• I made this! With love, etc. And butter.

When I used to make pie I spent a lot of time rolling out dough and thinking about little jokes that I thought my bosses at Hoosier Mama Pie Company should put on T-shirts: “Crimp my style,” for instance. “How we roll.” Et cetera—there were other, better ones, I swear. For a while my only shift was on Friday night (I worked for a couple other bakers at the time), making pie for the morning farmers’ market and a few cafes that the company sold to. The rolling station, such as it was, was set away from the rest of the kitchen so I usually was there by myself, which was ideal because of WBEZ’s lineup of Friday-night programming: Sound Opinions first, then This American Life. I stood there rolling dough, 40, 50, 60 shells a night, and listened. Eventually I’d drift back to the rest of the kitchen and help put fruit pies together; late at night, toward 1 and 2 AM, we’d package the pies and go home. I’d be covered in flour and something like raspberry or cherry juice, both of which look like blood. HMPC has its own storefront now; this was in Kitchen Chicago, the shared-use kitchen, which has since moved, too. It’s been replaced in its old Ravenswood Manor space by a pie shop: First Slice.
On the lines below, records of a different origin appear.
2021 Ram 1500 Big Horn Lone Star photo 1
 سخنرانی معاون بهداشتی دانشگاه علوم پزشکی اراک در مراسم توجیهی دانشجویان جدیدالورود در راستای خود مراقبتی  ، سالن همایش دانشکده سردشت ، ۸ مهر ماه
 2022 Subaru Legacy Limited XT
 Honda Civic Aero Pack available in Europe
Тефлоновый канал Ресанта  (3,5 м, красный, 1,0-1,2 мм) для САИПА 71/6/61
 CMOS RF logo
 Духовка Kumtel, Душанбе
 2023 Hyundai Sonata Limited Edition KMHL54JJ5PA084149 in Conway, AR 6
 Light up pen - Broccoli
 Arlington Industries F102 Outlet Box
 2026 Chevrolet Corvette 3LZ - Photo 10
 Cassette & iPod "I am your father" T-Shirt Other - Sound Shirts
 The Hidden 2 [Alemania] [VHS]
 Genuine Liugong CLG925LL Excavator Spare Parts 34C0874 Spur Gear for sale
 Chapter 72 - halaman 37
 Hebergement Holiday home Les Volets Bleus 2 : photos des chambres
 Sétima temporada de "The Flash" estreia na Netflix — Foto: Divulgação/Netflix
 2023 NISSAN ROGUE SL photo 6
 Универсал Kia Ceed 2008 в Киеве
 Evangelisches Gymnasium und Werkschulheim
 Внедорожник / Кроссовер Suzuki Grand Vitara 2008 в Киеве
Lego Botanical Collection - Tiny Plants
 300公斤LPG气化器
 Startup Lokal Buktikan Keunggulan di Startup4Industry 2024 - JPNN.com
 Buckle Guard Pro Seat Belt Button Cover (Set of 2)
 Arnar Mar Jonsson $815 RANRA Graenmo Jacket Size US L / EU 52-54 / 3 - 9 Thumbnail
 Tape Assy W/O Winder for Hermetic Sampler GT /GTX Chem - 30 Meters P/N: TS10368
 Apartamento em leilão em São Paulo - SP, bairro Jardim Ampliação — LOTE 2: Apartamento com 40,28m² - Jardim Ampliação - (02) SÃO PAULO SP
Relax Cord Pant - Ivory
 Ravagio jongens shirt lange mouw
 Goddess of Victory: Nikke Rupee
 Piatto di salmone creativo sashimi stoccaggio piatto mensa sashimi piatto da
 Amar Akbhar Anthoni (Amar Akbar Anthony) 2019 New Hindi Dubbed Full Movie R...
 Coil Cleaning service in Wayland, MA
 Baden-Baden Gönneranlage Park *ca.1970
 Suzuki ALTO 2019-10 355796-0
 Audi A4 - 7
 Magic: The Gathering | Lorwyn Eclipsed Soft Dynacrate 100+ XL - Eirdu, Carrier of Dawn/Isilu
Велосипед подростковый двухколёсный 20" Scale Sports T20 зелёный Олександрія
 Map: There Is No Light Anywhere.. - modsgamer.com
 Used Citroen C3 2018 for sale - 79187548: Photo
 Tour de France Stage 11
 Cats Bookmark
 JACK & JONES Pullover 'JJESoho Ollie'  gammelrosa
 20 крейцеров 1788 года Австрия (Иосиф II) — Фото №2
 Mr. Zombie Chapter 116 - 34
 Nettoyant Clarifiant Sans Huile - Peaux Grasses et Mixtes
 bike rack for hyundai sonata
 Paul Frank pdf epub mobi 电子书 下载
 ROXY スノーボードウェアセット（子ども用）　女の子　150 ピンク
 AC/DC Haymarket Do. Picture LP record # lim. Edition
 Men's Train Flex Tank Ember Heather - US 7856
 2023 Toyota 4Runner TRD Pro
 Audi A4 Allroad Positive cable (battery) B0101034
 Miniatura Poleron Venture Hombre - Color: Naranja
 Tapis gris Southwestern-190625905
This was a perfectly relaxing routine for a Friday evening, I thought, and I only have one bad memory, which is of the night I used unpasteurized eggs rather than pasteurized eggs when mixing the filling for the peanut butter pie, which had to be made with the special eggs because it wasn’t cooked. Imagine the horror. I had the throw away the entire batch, minus whatever I managed to scoop into my mouth en route to the trash. It was really good peanut butter pie.